Петровский сидел прямо. Не сводя глаз с птицы. Он был уверен, что уже видел где-то такую.
– Эта прекрасная птица – выставочный экземпляр? – допытывалась молодая журналистка. Она недавно начала работать на телевидении и была слишком настойчивой, пытаясь выжать из интервью больше, чем оно могло дать.
– Боже мой, нет, – сказал человек в кепке, – это уэсткотт.
Петровский вдруг ясно вспомнил комнату в гостевых апартаментах на даче Генерального секретаря в Усове.
– Нашел его на улице прошлой зимой, – сказал старый высохший англичанин, а птица поглядывала из клетки своими блестящими умными глазами.
– Но таких птиц не встретишь в городе... – предположила репортерша в телевизоре.
В этот момент в холле зазвонил телефон...
Обычно он бы пошел взять трубку, вдруг это звонит сосед. Странно делать вид, что тебя нет дома, когда в окнах горит свет. Но он остался на месте, продолжая смотреть на экран. Телефон звонил не переставая. Звонки и звук телевизора заглушили мягкие шаги ботинок на каучуковой подошве по дорожке.
– Хотелось бы надеяться, что нет, – бодро ответил человек в кепке. Уэсткотт – не «уличная» порода. Это одна из лучших пород почтовых голубей. Этот красавчик всегда возвратится на ту голубятню, где вырос. Вот почему их еще называют почтовиками.
Петровский, рыча от ярости, вскочил со стула. Большой, хорошо пристрелянный пистолет «Сако», с которым он не расставался с тех пор как ступил на британскую землю, был извлечен из-под подушки кресла. Он произнес только одно короткое слово по-русски. Его никто не слышал, слово это было «предатель».
В этот момент раздался грохот и звон разбитого стекла входной двери, два оглушительных взрыва в задних комнатах и топот ног в холле. Петровский рванулся к двери в комнату и выстрелил три раза. Из трех съемных стволов на Сако Триаче сейчас был установлен тот, у которого самый крупный калибр. В магазине было пять патронов. Он решил израсходовать три; остальные могли понадобиться для себя самого Те три пули, которые он выпустил, прошли через тонкую фанерную перегородку двери и нашли свою цель в холле...
Жители Черрихейз-клоуз будут рассказывать о событиях той ночи до конца жизни, но никто не сможет точно описать, как же все произошло.
Грохот «вингмастера» заставил их всех подскочить. Как только десантник выстрелил, он тут же отступил в сторону, чтобы пропустить напарника. Удар кувалдой – замок, щеколда и цепочка, укрепленные на двери с внутренней стороны, полетели в разные стороны. Затем он тоже отступил в сторону. Оба бросили свои инструменты и одним рывком взяли ХК наизготовку.
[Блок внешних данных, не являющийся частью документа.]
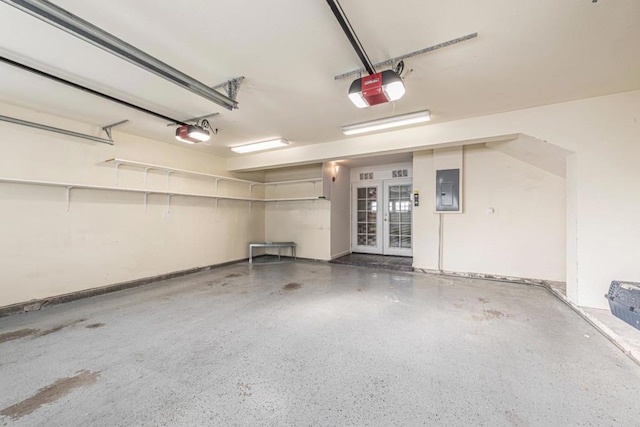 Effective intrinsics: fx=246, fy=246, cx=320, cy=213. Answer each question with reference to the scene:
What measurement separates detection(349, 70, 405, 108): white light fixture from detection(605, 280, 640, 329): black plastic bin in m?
3.11

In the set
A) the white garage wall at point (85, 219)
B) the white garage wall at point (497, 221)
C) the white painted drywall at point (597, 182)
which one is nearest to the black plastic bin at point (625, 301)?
the white painted drywall at point (597, 182)

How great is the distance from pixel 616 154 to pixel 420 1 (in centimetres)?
310

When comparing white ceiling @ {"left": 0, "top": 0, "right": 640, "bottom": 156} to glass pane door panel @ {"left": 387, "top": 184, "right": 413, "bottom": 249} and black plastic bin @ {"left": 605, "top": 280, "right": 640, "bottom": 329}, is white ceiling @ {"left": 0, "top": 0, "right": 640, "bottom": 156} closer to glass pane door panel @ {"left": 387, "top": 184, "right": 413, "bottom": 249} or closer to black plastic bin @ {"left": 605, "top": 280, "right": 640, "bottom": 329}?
black plastic bin @ {"left": 605, "top": 280, "right": 640, "bottom": 329}

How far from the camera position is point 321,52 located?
2.12 m

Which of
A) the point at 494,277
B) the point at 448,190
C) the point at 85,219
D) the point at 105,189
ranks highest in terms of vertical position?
the point at 448,190

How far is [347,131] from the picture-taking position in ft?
12.9

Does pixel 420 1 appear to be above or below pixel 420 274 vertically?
above

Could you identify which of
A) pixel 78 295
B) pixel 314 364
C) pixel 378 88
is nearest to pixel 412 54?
pixel 378 88

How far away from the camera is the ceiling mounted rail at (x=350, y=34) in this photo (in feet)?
5.14

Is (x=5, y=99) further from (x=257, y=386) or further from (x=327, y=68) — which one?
(x=257, y=386)

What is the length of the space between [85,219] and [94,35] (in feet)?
10.3

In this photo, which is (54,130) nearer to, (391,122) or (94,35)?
(94,35)

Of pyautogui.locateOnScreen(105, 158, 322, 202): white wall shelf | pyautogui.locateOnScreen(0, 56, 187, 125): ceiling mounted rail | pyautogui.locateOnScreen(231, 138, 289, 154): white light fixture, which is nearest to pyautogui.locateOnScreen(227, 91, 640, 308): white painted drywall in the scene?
pyautogui.locateOnScreen(231, 138, 289, 154): white light fixture

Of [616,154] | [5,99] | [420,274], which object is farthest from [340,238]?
[5,99] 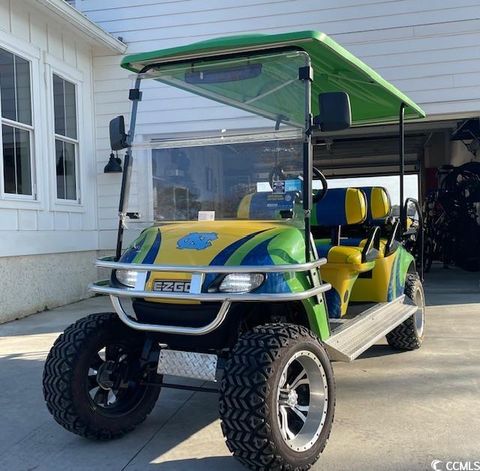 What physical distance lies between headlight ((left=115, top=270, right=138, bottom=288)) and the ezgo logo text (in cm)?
182

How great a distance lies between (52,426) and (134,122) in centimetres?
202

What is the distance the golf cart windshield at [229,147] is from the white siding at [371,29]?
16.9 feet

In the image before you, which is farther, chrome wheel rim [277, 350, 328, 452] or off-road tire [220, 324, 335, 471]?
chrome wheel rim [277, 350, 328, 452]

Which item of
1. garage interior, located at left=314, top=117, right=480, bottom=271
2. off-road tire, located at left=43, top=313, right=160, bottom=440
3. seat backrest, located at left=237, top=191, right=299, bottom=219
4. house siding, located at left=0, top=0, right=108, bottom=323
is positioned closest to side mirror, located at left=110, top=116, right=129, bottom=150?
seat backrest, located at left=237, top=191, right=299, bottom=219

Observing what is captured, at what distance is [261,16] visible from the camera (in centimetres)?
856

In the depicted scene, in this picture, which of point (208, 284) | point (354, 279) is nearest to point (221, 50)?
point (208, 284)

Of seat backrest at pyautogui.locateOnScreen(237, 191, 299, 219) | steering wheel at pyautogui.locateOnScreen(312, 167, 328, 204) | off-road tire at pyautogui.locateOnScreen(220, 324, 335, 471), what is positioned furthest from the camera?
steering wheel at pyautogui.locateOnScreen(312, 167, 328, 204)

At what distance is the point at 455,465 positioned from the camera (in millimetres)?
2859

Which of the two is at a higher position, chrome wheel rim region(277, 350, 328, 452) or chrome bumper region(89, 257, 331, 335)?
chrome bumper region(89, 257, 331, 335)

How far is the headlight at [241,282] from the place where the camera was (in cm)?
284

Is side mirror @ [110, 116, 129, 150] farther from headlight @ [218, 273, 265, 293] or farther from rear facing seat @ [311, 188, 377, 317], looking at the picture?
rear facing seat @ [311, 188, 377, 317]

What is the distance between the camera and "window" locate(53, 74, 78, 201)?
328 inches

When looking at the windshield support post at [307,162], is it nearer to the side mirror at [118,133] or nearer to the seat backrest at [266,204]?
the seat backrest at [266,204]

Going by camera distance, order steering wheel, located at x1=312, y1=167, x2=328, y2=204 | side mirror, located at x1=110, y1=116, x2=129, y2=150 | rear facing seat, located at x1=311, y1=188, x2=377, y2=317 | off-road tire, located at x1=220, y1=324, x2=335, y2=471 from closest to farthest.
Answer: off-road tire, located at x1=220, y1=324, x2=335, y2=471 → side mirror, located at x1=110, y1=116, x2=129, y2=150 → steering wheel, located at x1=312, y1=167, x2=328, y2=204 → rear facing seat, located at x1=311, y1=188, x2=377, y2=317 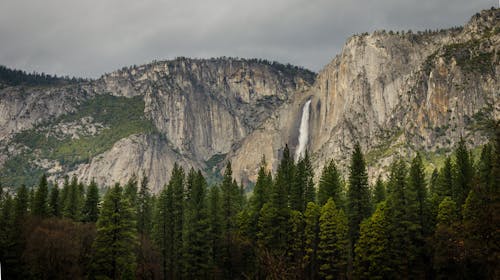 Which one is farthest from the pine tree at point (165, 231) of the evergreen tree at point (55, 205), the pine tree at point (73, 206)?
the evergreen tree at point (55, 205)

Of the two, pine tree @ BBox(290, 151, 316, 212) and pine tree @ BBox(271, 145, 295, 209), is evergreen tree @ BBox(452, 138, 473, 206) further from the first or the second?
pine tree @ BBox(271, 145, 295, 209)

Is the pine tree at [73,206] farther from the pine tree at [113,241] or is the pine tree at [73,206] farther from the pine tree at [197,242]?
the pine tree at [113,241]

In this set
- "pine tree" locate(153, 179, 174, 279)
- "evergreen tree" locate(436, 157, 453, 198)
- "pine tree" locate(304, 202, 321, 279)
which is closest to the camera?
"pine tree" locate(304, 202, 321, 279)

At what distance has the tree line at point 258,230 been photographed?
6812 cm

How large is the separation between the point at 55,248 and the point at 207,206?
3174cm

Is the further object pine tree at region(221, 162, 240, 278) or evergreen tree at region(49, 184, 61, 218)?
evergreen tree at region(49, 184, 61, 218)

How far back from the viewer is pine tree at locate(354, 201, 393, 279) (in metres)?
74.4

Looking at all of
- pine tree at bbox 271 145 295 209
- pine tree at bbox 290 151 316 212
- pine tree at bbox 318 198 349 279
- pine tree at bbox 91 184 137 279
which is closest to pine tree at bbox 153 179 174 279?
pine tree at bbox 271 145 295 209

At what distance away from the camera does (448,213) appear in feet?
252

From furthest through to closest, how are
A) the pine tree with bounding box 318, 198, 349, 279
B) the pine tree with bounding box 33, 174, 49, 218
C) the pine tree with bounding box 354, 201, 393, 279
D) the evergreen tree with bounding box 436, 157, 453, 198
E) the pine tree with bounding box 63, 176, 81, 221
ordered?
the pine tree with bounding box 63, 176, 81, 221
the pine tree with bounding box 33, 174, 49, 218
the evergreen tree with bounding box 436, 157, 453, 198
the pine tree with bounding box 318, 198, 349, 279
the pine tree with bounding box 354, 201, 393, 279

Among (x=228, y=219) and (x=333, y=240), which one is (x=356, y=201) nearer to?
(x=333, y=240)

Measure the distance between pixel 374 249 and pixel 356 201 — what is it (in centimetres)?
1060

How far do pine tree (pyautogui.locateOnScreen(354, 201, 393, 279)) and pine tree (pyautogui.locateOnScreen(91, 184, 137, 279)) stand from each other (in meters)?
30.9

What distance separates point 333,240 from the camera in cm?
8000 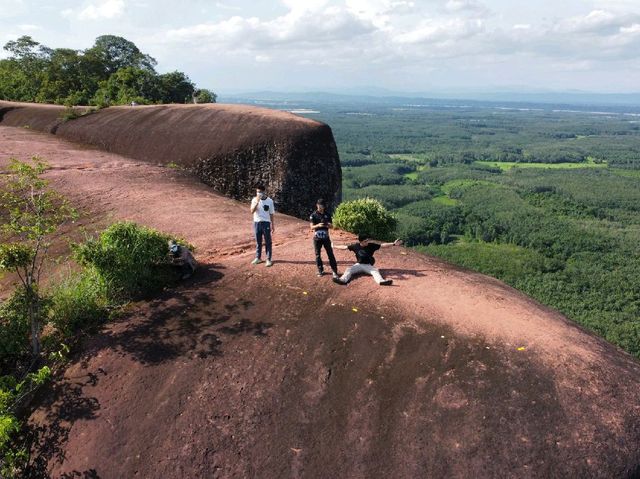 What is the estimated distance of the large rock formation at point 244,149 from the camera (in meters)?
22.4

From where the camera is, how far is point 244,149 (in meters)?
23.0

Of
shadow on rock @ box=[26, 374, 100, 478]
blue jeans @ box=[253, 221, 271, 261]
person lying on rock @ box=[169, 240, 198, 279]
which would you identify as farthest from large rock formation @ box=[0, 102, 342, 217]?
shadow on rock @ box=[26, 374, 100, 478]

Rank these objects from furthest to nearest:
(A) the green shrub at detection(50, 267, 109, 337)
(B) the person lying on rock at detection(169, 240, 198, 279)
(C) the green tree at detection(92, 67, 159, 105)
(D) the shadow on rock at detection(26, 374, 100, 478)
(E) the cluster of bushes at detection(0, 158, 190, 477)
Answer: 1. (C) the green tree at detection(92, 67, 159, 105)
2. (B) the person lying on rock at detection(169, 240, 198, 279)
3. (A) the green shrub at detection(50, 267, 109, 337)
4. (E) the cluster of bushes at detection(0, 158, 190, 477)
5. (D) the shadow on rock at detection(26, 374, 100, 478)

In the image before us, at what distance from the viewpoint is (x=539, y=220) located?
8856 centimetres

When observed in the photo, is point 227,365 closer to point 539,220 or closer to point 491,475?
point 491,475

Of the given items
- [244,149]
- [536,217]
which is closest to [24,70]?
[244,149]

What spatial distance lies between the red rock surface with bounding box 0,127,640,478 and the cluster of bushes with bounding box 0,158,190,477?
1.76 feet

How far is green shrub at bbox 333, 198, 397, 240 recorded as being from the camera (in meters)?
14.3

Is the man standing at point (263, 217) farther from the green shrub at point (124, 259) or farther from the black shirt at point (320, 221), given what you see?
the green shrub at point (124, 259)

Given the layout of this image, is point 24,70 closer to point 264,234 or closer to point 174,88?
point 174,88

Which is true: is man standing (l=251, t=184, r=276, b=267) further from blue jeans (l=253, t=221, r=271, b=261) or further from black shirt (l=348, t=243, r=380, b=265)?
black shirt (l=348, t=243, r=380, b=265)

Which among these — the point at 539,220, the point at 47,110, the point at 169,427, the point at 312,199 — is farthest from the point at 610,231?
the point at 169,427

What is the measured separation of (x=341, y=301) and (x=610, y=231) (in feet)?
301

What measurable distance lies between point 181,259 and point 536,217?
9304cm
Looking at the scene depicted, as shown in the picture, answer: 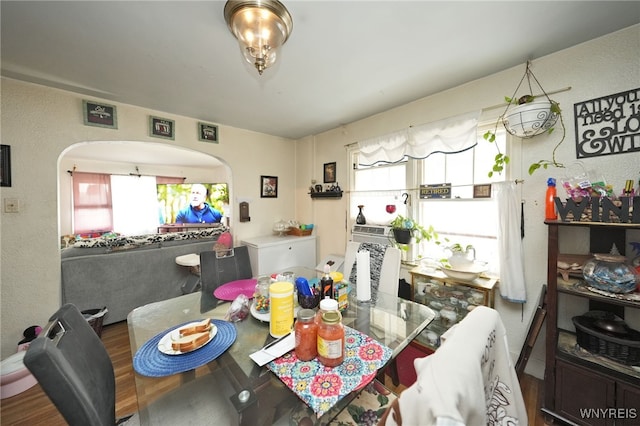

Стив и капрал бросились внутрь через образовавшийся проем. Капрал в три прыжка оказался наверху лестницы, по пятам за ним следовал десантник, который сбивал замок кувалдой. Стив проскочил мимо звонящего телефона к двери в гостиную, тут его сбило с ног. Три пули, выпущенные Петровским в дверь холла, вонзились в него, и он повалился на лестницу. Десантник выпустил две очереди по два выстрела, ногой открыл дверь и, кувырнувшись через голову, оказался на корточках в середине комнаты.
Когда раздался выстрел из «вингмастера», капитан Линдхерст открыл входную дверь своего наблюдательного пункта и стал следить за происходящим. Престон стоял сзади. Капитан видел, как в освещенном холле заместитель командира его группы двигался к двери в гостиную, как его отбросило назад. Линдхерст двинулся вперед, Престон не отставал.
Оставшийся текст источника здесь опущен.